CI License: GPL v3 Python 3.10+ Ruff

Matplotlib Plotly Bokeh Pandas

pyLocusZoom logo

Regional association plots for GWAS results with LD coloring, gene tracks, and recombination rate overlays.

Inspired by LocusZoom and locuszoomr.

Features

  • LD coloring: SNPs colored by linkage disequilibrium (R²) with lead variant
  • Gene track: Annotated gene/exon positions below the association plot
  • Recombination rate: Overlay showing recombination rate across region (Canis lupus familiaris only)
  • SNP labels: Automatic labeling of top SNPs with RS ID or nearest gene
  • Species support: Built-in Canis lupus familiaris (CanFam3.1/CanFam4), Felis catus (FelCat9), or custom species
  • CanFam4 support: Automatic coordinate liftover for recombination maps
  • Multiple backends: matplotlib (static), plotly (interactive), bokeh (dashboards)
  • Stacked plots: Compare multiple GWAS/phenotypes vertically
  • eQTL overlay: Expression QTL data as separate panel
  • PySpark support: Handles large-scale genomics DataFrames

Installation

uv add pylocuszoom

Or with pip:

pip install pylocuszoom

Quick Start

from pylocuszoom import LocusZoomPlotter

# Initialize plotter (loads reference data for dog)
plotter = LocusZoomPlotter(species="dog")

# Create regional plot
fig = plotter.plot(
    gwas_df,                    # DataFrame with ps, p_wald, rs columns
    chrom=1,
    start=1000000,
    end=2000000,
    lead_pos=1500000,           # Highlight lead SNP
)

fig.savefig("regional_plot.png", dpi=150)

Full Example

from pylocuszoom import LocusZoomPlotter

plotter = LocusZoomPlotter(
    species="dog",                      # or "cat", or None for custom
    plink_path="/path/to/plink",        # Optional, auto-detects if on PATH
)

fig = plotter.plot(
    gwas_df,
    chrom=1,
    start=1000000,
    end=2000000,
    lead_pos=1500000,
    ld_reference_file="genotypes.bed",  # For LD calculation
    genes_df=genes_df,                  # Gene annotations
    exons_df=exons_df,                  # Exon annotations
    show_recombination=True,            # Overlay recombination rate
    snp_labels=True,                    # Label top SNPs
    label_top_n=5,                      # How many to label
    pos_col="ps",                       # Column name for position
    p_col="p_wald",                     # Column name for p-value
    rs_col="rs",                        # Column name for SNP ID
    figsize=(12, 8),
)

Genome Builds

The default genome build for dog is CanFam3.1. For CanFam4 data:

plotter = LocusZoomPlotter(species="dog", genome_build="canfam4")

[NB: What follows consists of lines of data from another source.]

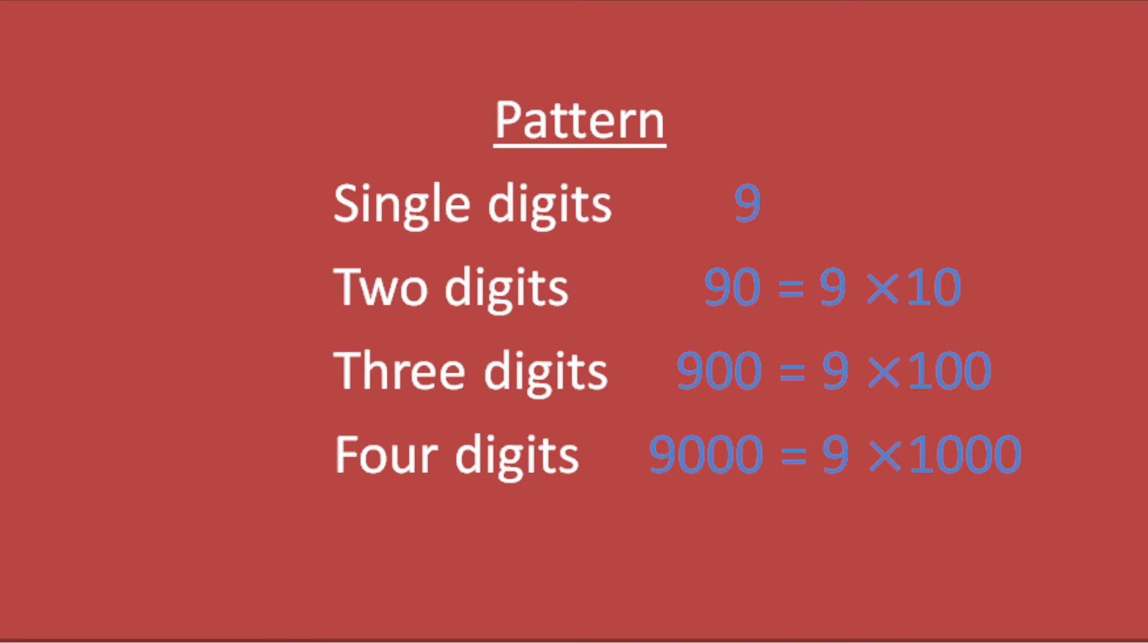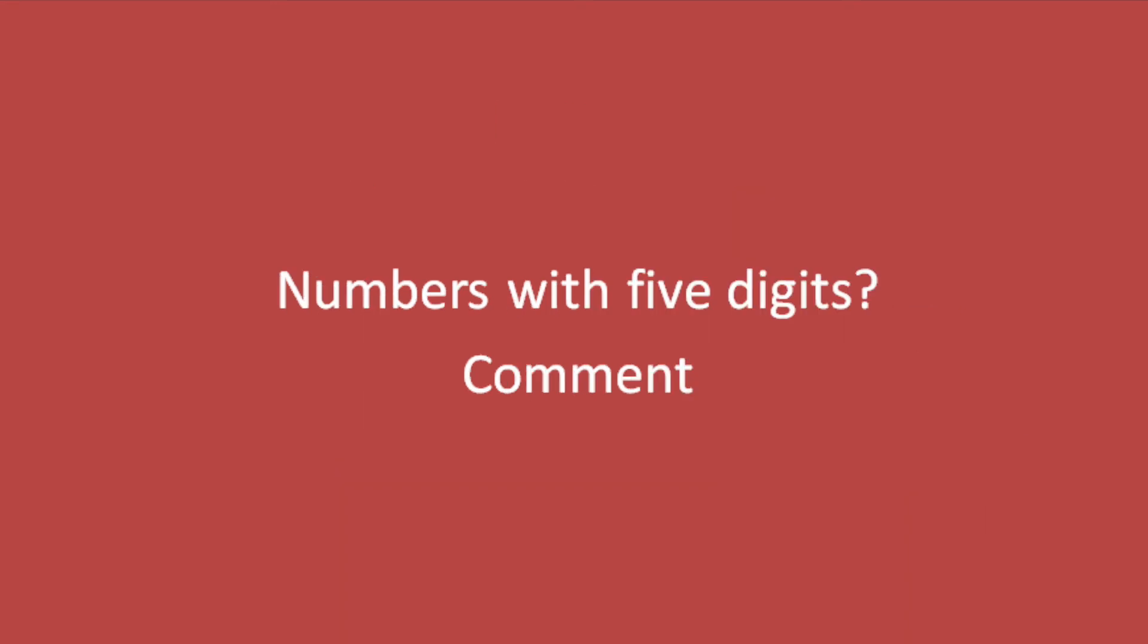Four digits start at 1000, so we multiply 9 with 1000 to get 9000. I hope you can understand this pattern. By using this pattern, you can find the numbers with five digits and so on.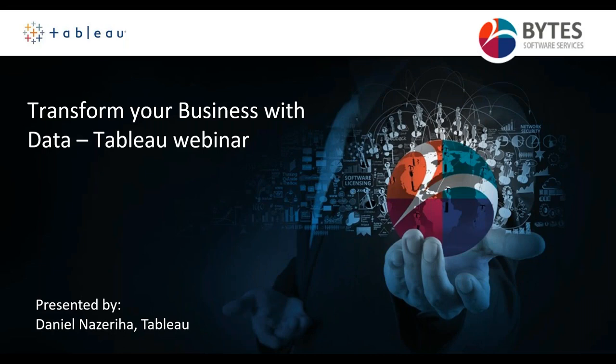Hello everyone. I'm really sorry about the delay. I just had a bit of a technical issue. But thanks everyone for joining us today. So the webinar today is with Tableau and we are joined by Daniel Naziria who will be discussing how to transform your business with data.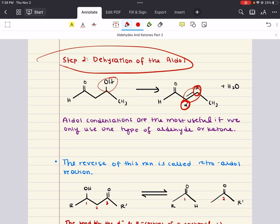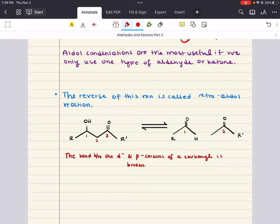The reverse of the aldol condensation is called a retroaldol reaction. To push the reaction in the retroaldol direction, aqueous base is added and heat is applied. The retroaldol reaction is useful for breaking bonds between the alpha and beta carbons of a carbonyl, and this reaction is facilitated if the intermediate can be stabilized in the enolate form, just as in the forward reaction.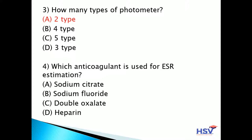Fourth question: which anticoagulant is used for ESR estimation? ESR is erythrocyte sedimentation rate. Option A: sodium citrate. Option B: sodium fluoride. Option C: double oxalate. Option D: heparin. The answer is option A — sodium citrate anticoagulant is used for ESR estimation.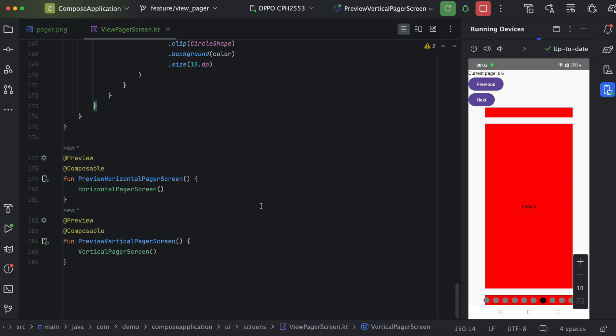That's it for this video. Hope you liked it. In the next video we will see how we can use ConstraintLayout in Jetpack Compose. Stay tuned for further updates.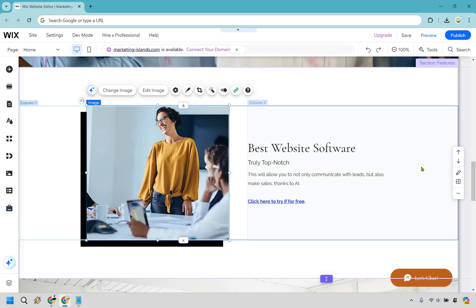My name is James, thank you so much for watching. And I spelled 'try if for free' — it's supposed to be 'try it for free.' I hope you didn't notice that — you probably did now.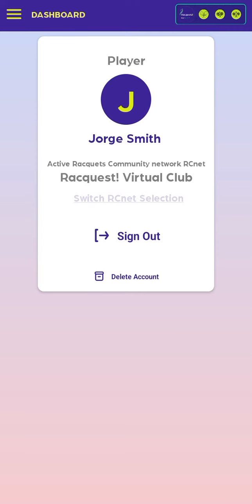Likewise, you will be registered as a member of Rackets Virtual Club, or RVC — a global racket sports community — to request lessons with teachers, find courts, stream matches, and participate in events wherever you are in the world.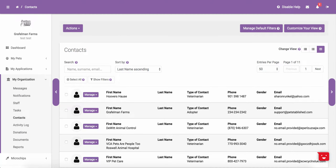In this tutorial, we are going to walk you through how to add a new contact to the system. We are also going to show you how to export contact lists, email addresses, and how contacts can automatically be added to your account as you perform different actions throughout the website.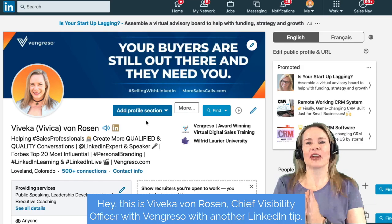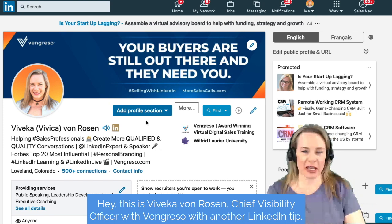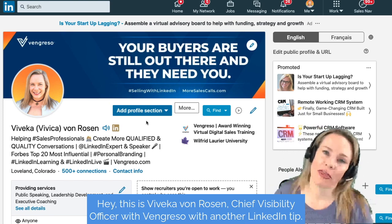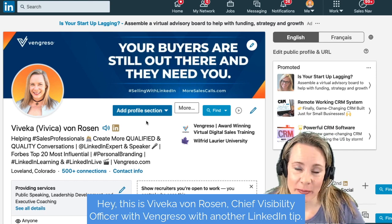Hey, this is Vivica Von Rosen, Chief Visibility Officer with Vengresso, with another LinkedIn tip.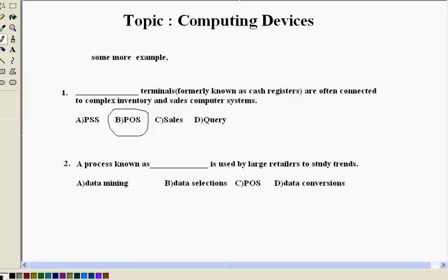Now second question, a process known as dash is used by large retailers to study trends. So basically to study trends, especially sales trends. Now that can be studied with above terminal POS, which is option C here, point of sale.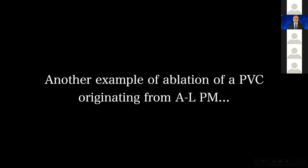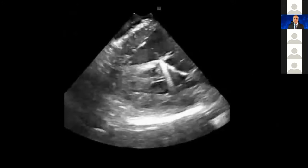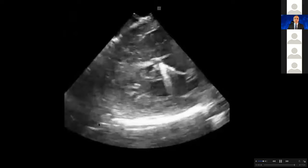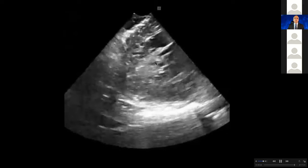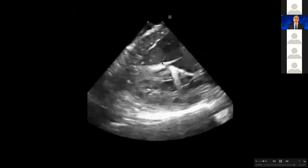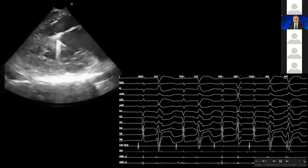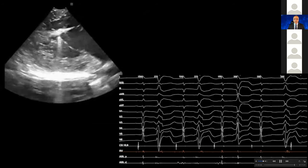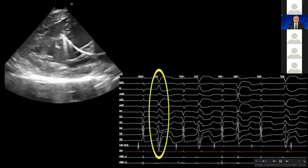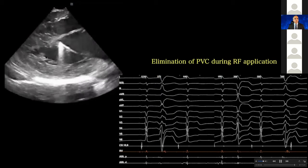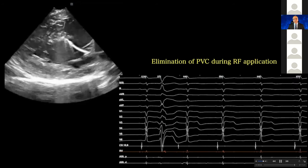Another example of ablation of a PVC originating from the anterolateral papillary muscle. You can appreciate that this patient is in ventricular bigeminy. You can see the junction of the chordae and the papillary muscle — the PVC is coming from here. I have gone antegrade, and here you can appreciate that this is that very PVC. In V1 and V2 there is an M shape, and leads 2, 3, AVF are positive, so this was coming from this very spot. We had very good contact.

Recombination maps are automatically lifted over from CanFam3.1 to CanFam4 coordinates using the UCSC liftOver chain file.

Using with Other Species

# Cat (LD and gene tracks, user provides recombination data)
plotter = LocusZoomPlotter(species="cat")

# Custom species (provide all reference data)
plotter = LocusZoomPlotter(
    species=None,
    recomb_data_dir="/path/to/recomb_maps/",
)

# Or provide data per-plot
fig = plotter.plot(
    gwas_df,
    chrom=1, start=1000000, end=2000000,
    recomb_df=my_recomb_dataframe,
    genes_df=my_genes_df,
)

Interactive Backends

Choose between static (matplotlib) and interactive (plotly, bokeh) outputs:

# Static publication-quality plot (default)
plotter = LocusZoomPlotter(species="dog", backend="matplotlib")
fig = plotter.plot(gwas_df, chrom=1, start=1000000, end=2000000)
fig.savefig("plot.png", dpi=150)

# Interactive with plotly (hover tooltips, zoom/pan)
plotter = LocusZoomPlotter(species="dog", backend="plotly")
fig = plotter.plot(gwas_df, chrom=1, start=1000000, end=2000000)
fig.write_html("plot.html")

# Interactive with bokeh (dashboard-friendly)
plotter = LocusZoomPlotter(species="dog", backend="bokeh")
fig = plotter.plot(gwas_df, chrom=1, start=1000000, end=2000000)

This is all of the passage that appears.